Background: Surprisingly little has been studied on the capacity of cytokine-primed endothelial cells (EC) to respond upon secondary challenge. The principal hypothesis is that EC store and rapidly recall chemokines after upon secondary challenge. Methods: Confluent primary human aortic (AEC), dermal microvascular (DMVEC), umbilical vein (UVEC), and renal glomerular (RGEC) endothelial cells were pre-exposed to TNFα or IL-1β (10ng/mL, 18hr), allowed to rest (4-24hr), and re-challenged with the secretagogues PMA or histamine. The repertoire of rapidly recalled soluble mediators was determined by ELISA, and cell surface P-selectin by cell-based ELISA. Total P-selectin content was measured by Western Blot. Results: Priming with TNFα or IL-1β overnight increased IL-8 secretion by all EC. 4hr after removal of TNFα or IL-1β, IL-8 was still in all supernatants. After 7hr rest, IL-8 was detectable from RGEC but undetectable in other EC. After 24hr, IL-8 was undetectable in the supernatants from all EC. Secondary challenge with secretagogues 24hr after removal of TNFα or IL-1β stimulated rapid secretion of IL-8, but not from unprimed endothelium. P-selectin was rapidly externalized at the cell surface of unprimed cells after 20min exposure to PMA or 10min Histamine. TNFα-primed EC exhibited significantly lower P-selectin induction, mirrored by profoundly reduced total intracellular P-selectin expression. mRNA expression of LAMP3 (CD63, a tetraspanin critical for P-selectin sorting to Weibel-Palade bodies) was highest in microvascular EC and lowest in larger vessel EC. LAMP3 might be important for controlling WPb content as well as durability of exocytosis upon type 1 activation and sorting of newly synthesized type II mediators to WPb for rapid recall.
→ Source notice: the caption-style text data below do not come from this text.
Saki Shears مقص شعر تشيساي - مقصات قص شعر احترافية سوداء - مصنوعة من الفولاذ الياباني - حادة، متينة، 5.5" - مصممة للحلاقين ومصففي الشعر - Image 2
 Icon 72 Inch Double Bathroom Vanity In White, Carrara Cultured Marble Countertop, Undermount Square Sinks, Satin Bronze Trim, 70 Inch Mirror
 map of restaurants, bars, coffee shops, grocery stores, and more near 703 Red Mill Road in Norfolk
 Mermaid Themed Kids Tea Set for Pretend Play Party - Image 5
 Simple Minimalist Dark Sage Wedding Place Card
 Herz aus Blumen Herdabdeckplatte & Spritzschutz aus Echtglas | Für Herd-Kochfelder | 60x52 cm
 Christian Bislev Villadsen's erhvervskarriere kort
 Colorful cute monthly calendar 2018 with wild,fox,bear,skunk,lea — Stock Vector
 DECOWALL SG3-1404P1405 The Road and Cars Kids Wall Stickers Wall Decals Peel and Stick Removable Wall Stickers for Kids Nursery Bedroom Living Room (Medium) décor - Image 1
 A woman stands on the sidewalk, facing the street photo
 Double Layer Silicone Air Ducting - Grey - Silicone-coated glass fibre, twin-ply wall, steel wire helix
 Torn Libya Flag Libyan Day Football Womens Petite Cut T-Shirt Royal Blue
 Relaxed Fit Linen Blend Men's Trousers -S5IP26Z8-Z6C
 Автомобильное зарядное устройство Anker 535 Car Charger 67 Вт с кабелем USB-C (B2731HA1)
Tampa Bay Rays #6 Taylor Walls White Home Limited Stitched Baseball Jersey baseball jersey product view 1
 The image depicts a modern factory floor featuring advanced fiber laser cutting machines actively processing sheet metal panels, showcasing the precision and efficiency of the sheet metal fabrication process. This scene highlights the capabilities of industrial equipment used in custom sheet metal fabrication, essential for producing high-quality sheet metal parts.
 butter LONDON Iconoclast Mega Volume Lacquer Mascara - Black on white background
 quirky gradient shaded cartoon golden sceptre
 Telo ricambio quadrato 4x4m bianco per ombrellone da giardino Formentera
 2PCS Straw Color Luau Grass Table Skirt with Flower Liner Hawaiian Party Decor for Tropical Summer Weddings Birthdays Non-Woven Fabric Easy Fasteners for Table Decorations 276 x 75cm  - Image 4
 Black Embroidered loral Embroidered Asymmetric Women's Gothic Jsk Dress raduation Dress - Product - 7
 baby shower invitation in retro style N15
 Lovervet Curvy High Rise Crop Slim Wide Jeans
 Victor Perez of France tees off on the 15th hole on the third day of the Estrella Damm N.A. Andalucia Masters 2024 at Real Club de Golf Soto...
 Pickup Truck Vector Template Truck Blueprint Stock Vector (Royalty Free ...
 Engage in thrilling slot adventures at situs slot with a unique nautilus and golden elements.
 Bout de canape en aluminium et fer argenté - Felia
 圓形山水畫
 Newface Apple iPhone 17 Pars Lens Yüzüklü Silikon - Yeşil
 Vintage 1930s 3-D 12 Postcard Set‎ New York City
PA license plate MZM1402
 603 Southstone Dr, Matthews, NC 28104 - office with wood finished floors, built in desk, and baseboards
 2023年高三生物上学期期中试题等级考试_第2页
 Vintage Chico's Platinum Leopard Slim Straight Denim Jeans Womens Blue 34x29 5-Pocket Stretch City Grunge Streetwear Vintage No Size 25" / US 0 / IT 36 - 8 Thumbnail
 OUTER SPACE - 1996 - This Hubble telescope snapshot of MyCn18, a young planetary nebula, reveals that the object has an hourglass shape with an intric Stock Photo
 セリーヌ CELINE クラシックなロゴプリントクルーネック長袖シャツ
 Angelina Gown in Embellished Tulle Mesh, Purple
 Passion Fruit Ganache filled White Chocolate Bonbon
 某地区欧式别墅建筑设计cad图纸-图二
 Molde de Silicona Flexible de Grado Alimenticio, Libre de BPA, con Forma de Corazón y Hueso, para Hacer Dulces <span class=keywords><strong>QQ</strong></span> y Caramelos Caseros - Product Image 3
Conclusions: The data confirm that prior exposure of EC to inflammatory stimuli evokes storage of IL-8 that can be rapidly secreted upon exposure to a second stimulus. Moreover, constitutive expression of P-selectin is suppressed by TNFα exposure, but not IL-1β. Thus, EC exhibit a chronic inflammatory phenotype after cytokines have been encountered and removed, due to storage of chemokines within Weibel-Palade bodies or other granules.